EXERCISE DIRECTIONS: The reply should hold every line of the data below, unchanged, and none of the pictures.

STORED DATA:
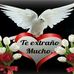 Adela Gomez Mujica - Facebook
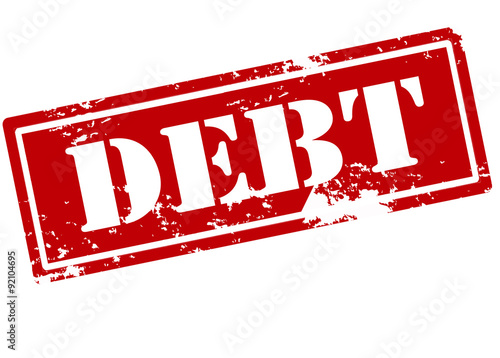 Debt
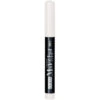 PUPA Milano Made To Last Waterproof Eyeshadow 001 - Flash White -Geselecteerde Mode-Cosmeticawinkels 1014283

ANSWER BELOW:
 Adela Gomez Mujica - Facebook
 Debt
 PUPA Milano Made To Last Waterproof Eyeshadow 001 - Flash White -Geselecteerde Mode-Cosmeticawinkels 1014283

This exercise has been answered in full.